The pilot study on S&S gestures (Nyst 2016) suggests that they may differ from S&S constructions in SLs in being more widespread over the body. Also, hearing speakers sometimes consider different options for gesturally expressing a particular  S&S, including pointing at objects other than body parts. In Adamorobe SL, all body-part S&S constructions observed where realized on (part of) the arm. This suggests that part of the conventionalization involves a concentration of information in the hands; a tendency also observed in diachronic change in lexical signs (Frishberg 1975). In the data on Adamorobe SL, no hesitations were observed, nor cases of pointing at objects to express size and/or shape. To study how the emerging Bouakako SL patterns in these respects, PhD I will collect data for Bouakako and Adamorobe SL and their gestural environments using the shared data-collection protocol, and compare these with discourse and lexical data in the corpora available for the two SLs (Nyst 2012; Tano 2014).

PhD Project II

When are SLs susceptible to influences of their gestural environment: only during the emerging stage or throughout their life spans? A comparison of S&S constructions in two related school SLs in different gestural environments.

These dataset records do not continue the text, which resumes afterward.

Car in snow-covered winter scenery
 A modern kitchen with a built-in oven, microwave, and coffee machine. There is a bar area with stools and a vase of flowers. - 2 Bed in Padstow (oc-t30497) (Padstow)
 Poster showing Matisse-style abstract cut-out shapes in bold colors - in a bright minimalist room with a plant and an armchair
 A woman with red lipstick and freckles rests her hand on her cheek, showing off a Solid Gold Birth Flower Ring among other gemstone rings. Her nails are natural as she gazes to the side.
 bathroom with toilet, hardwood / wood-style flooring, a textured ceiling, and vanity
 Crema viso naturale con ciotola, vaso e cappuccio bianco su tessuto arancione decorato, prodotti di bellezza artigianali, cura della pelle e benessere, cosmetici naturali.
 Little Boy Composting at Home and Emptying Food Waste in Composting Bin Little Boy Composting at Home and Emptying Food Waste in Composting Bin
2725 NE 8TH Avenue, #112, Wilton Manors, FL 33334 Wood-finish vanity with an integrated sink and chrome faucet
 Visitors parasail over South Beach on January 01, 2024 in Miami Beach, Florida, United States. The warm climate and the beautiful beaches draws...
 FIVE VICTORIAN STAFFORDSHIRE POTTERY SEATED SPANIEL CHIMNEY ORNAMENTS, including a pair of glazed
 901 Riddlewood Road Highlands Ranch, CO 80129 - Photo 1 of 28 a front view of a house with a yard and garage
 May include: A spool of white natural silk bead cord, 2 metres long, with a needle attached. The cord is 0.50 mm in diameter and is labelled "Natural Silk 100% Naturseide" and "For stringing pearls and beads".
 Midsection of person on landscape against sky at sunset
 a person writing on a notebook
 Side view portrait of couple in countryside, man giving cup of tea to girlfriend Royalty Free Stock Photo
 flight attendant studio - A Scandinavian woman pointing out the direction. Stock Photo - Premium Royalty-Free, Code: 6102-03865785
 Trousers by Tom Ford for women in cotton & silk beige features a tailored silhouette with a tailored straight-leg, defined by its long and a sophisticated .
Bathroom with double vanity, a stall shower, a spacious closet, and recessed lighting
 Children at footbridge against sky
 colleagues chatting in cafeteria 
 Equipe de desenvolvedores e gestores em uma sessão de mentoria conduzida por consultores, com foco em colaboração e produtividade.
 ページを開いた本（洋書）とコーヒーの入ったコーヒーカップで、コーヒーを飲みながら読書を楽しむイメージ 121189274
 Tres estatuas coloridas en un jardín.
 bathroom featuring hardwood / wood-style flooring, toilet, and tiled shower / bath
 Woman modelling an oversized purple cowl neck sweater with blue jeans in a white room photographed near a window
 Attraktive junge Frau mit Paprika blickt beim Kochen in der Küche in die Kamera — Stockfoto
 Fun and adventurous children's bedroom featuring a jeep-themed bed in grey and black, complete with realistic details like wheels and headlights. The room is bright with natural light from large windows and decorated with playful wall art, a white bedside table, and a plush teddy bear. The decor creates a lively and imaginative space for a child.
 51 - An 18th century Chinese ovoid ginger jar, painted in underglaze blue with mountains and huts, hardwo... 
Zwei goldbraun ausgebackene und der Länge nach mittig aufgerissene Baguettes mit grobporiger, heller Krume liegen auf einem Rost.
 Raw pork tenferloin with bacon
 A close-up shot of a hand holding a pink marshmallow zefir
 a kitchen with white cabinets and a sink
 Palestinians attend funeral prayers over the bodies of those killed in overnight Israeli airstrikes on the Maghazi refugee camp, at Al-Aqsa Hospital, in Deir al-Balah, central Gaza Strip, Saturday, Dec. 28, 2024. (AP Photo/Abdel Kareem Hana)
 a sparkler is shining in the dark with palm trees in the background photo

PhD II studies the timing of the influence of the gestural substrate on SL structure: Does it take place only during the emerging stage of SLs, or are established SLs open to influences from their gestural environment as well? To shed light on the stability of S&S constructions vis-à-vis their gestural environment, this project will compare S&S constructions in two historically related SLs (American SL and Ghanaian SL), which are used in different gestural environments. Ghanaian SL is a school SL based on American SL, which was introduced together with deaf education in Ghana by the deaf American rev. Andrew Foster in 1959. Since then, the Ghanaian deaf community has been in contact with various forms and varieties of American SL. Ghanaian SL has evolved into a distinct language variety, differing in lexicon and articulation style from American SL. It is also very distinct from the Ghanaian village SL of Adamorobe with which there is little contact. To our knowledges, no body-part S&S constructions have been reported for American SL or for American co-speech gesture. Data collected for a pilot study on gestures of speakers of (UK) English revealed no use of body-part S&S gestures. As body-part S&S gestures have been observed with hearing Ghanaians of various linguistic backgrounds, this raises the question whether or not the Ghanaian variant of American SL has adapted to the surrounding gesture system.

The PhD student will evaluate to what extent the S&S constructions of Ghanaian SL pattern with American varieties of American SL and S&S gestures, or rather with its current gestural environment. To this end, a careful analysis in terms of the variations of American SL relevant to the history of Ghanaian SL is needed, as well as of possible variations in S&S gestures in the current gestural environment. Using the shared data-collection protocol, the PhD student will collect data for the two SLs and for American English gestures. For Akan gestures, the PhD candidate will rely on their analysis by PhD I.